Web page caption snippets
###

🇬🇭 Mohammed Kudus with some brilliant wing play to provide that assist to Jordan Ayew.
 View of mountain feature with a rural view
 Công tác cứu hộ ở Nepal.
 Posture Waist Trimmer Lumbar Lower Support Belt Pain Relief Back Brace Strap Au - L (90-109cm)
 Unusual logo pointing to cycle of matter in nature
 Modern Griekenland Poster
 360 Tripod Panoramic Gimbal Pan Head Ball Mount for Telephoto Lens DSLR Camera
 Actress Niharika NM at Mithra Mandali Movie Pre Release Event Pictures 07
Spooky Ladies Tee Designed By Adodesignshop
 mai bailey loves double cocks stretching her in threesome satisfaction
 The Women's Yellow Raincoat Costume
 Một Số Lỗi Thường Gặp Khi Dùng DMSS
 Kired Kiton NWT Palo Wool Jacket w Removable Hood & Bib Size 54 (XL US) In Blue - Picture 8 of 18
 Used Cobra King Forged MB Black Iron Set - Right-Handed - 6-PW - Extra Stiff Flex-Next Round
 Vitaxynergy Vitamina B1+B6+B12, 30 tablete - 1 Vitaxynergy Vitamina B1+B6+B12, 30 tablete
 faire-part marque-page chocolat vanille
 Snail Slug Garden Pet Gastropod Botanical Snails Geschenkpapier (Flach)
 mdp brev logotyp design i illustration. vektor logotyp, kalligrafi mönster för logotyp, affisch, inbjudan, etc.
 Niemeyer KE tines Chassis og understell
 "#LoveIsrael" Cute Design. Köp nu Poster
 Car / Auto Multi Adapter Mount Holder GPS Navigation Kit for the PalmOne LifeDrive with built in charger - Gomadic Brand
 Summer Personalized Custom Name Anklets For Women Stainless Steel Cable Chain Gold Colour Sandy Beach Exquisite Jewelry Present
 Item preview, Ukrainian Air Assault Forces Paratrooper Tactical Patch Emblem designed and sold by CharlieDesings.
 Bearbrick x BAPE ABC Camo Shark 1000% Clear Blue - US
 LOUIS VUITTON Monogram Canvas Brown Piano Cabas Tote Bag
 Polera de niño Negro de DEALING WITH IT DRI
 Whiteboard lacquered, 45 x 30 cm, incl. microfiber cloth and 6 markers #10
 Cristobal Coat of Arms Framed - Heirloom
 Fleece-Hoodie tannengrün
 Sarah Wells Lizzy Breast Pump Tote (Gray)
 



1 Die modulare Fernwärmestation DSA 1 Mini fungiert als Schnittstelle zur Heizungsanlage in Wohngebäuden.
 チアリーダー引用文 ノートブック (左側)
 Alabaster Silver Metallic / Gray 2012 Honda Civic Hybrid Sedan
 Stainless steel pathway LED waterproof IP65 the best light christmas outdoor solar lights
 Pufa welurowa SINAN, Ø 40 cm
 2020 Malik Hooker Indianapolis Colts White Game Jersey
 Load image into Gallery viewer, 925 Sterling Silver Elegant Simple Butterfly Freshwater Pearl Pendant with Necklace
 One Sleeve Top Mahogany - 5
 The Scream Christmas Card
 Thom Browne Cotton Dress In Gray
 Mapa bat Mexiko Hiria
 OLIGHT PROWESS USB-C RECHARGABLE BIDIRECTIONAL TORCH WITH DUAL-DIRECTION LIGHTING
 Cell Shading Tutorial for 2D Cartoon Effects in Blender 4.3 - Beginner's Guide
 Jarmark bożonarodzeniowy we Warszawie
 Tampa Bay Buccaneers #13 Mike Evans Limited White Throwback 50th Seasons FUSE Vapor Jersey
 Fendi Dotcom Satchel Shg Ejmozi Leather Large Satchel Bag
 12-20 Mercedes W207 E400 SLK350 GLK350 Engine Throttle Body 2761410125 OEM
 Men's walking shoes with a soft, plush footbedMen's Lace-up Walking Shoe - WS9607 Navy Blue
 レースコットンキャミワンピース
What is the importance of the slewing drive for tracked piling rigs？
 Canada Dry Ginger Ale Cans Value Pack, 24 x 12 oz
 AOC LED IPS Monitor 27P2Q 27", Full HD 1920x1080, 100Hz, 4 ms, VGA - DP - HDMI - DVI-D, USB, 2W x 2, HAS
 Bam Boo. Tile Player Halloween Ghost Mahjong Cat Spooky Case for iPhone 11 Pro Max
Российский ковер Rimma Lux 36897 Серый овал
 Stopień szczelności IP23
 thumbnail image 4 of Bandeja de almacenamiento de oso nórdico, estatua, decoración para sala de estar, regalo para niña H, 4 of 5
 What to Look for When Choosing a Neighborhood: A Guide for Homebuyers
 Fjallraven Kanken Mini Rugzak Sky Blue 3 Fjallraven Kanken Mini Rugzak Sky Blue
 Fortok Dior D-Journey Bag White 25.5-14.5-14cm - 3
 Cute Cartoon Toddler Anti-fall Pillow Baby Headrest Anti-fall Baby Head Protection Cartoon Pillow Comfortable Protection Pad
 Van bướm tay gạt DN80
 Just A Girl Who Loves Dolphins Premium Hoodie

###

Restate the data in full so that no line differs from the original.

🇬🇭 Mohammed Kudus with some brilliant wing play to provide that assist to Jordan Ayew.
 View of mountain feature with a rural view
 Công tác cứu hộ ở Nepal.
 Posture Waist Trimmer Lumbar Lower Support Belt Pain Relief Back Brace Strap Au - L (90-109cm)
 Unusual logo pointing to cycle of matter in nature
 Modern Griekenland Poster
 360 Tripod Panoramic Gimbal Pan Head Ball Mount for Telephoto Lens DSLR Camera
 Actress Niharika NM at Mithra Mandali Movie Pre Release Event Pictures 07
Spooky Ladies Tee Designed By Adodesignshop
 mai bailey loves double cocks stretching her in threesome satisfaction
 The Women's Yellow Raincoat Costume
 Một Số Lỗi Thường Gặp Khi Dùng DMSS
 Kired Kiton NWT Palo Wool Jacket w Removable Hood & Bib Size 54 (XL US) In Blue - Picture 8 of 18
 Used Cobra King Forged MB Black Iron Set - Right-Handed - 6-PW - Extra Stiff Flex-Next Round
 Vitaxynergy Vitamina B1+B6+B12, 30 tablete - 1 Vitaxynergy Vitamina B1+B6+B12, 30 tablete
 faire-part marque-page chocolat vanille
 Snail Slug Garden Pet Gastropod Botanical Snails Geschenkpapier (Flach)
 mdp brev logotyp design i illustration. vektor logotyp, kalligrafi mönster för logotyp, affisch, inbjudan, etc.
 Niemeyer KE tines Chassis og understell
 "#LoveIsrael" Cute Design. Köp nu Poster
 Car / Auto Multi Adapter Mount Holder GPS Navigation Kit for the PalmOne LifeDrive with built in charger - Gomadic Brand
 Summer Personalized Custom Name Anklets For Women Stainless Steel Cable Chain Gold Colour Sandy Beach Exquisite Jewelry Present
 Item preview, Ukrainian Air Assault Forces Paratrooper Tactical Patch Emblem designed and sold by CharlieDesings.
 Bearbrick x BAPE ABC Camo Shark 1000% Clear Blue - US
 LOUIS VUITTON Monogram Canvas Brown Piano Cabas Tote Bag
 Polera de niño Negro de DEALING WITH IT DRI
 Whiteboard lacquered, 45 x 30 cm, incl. microfiber cloth and 6 markers #10
 Cristobal Coat of Arms Framed - Heirloom
 Fleece-Hoodie tannengrün
 Sarah Wells Lizzy Breast Pump Tote (Gray)
 



1 Die modulare Fernwärmestation DSA 1 Mini fungiert als Schnittstelle zur Heizungsanlage in Wohngebäuden.
 チアリーダー引用文 ノートブック (左側)
 Alabaster Silver Metallic / Gray 2012 Honda Civic Hybrid Sedan
 Stainless steel pathway LED waterproof IP65 the best light christmas outdoor solar lights
 Pufa welurowa SINAN, Ø 40 cm
 2020 Malik Hooker Indianapolis Colts White Game Jersey
 Load image into Gallery viewer, 925 Sterling Silver Elegant Simple Butterfly Freshwater Pearl Pendant with Necklace
 One Sleeve Top Mahogany - 5
 The Scream Christmas Card
 Thom Browne Cotton Dress In Gray
 Mapa bat Mexiko Hiria
 OLIGHT PROWESS USB-C RECHARGABLE BIDIRECTIONAL TORCH WITH DUAL-DIRECTION LIGHTING
 Cell Shading Tutorial for 2D Cartoon Effects in Blender 4.3 - Beginner's Guide
 Jarmark bożonarodzeniowy we Warszawie
 Tampa Bay Buccaneers #13 Mike Evans Limited White Throwback 50th Seasons FUSE Vapor Jersey
 Fendi Dotcom Satchel Shg Ejmozi Leather Large Satchel Bag
 12-20 Mercedes W207 E400 SLK350 GLK350 Engine Throttle Body 2761410125 OEM
 Men's walking shoes with a soft, plush footbedMen's Lace-up Walking Shoe - WS9607 Navy Blue
 レースコットンキャミワンピース
What is the importance of the slewing drive for tracked piling rigs？
 Canada Dry Ginger Ale Cans Value Pack, 24 x 12 oz
 AOC LED IPS Monitor 27P2Q 27", Full HD 1920x1080, 100Hz, 4 ms, VGA - DP - HDMI - DVI-D, USB, 2W x 2, HAS
 Bam Boo. Tile Player Halloween Ghost Mahjong Cat Spooky Case for iPhone 11 Pro Max
Российский ковер Rimma Lux 36897 Серый овал
 Stopień szczelności IP23
 thumbnail image 4 of Bandeja de almacenamiento de oso nórdico, estatua, decoración para sala de estar, regalo para niña H, 4 of 5
 What to Look for When Choosing a Neighborhood: A Guide for Homebuyers
 Fjallraven Kanken Mini Rugzak Sky Blue 3 Fjallraven Kanken Mini Rugzak Sky Blue
 Fortok Dior D-Journey Bag White 25.5-14.5-14cm - 3
 Cute Cartoon Toddler Anti-fall Pillow Baby Headrest Anti-fall Baby Head Protection Cartoon Pillow Comfortable Protection Pad
 Van bướm tay gạt DN80
 Just A Girl Who Loves Dolphins Premium Hoodie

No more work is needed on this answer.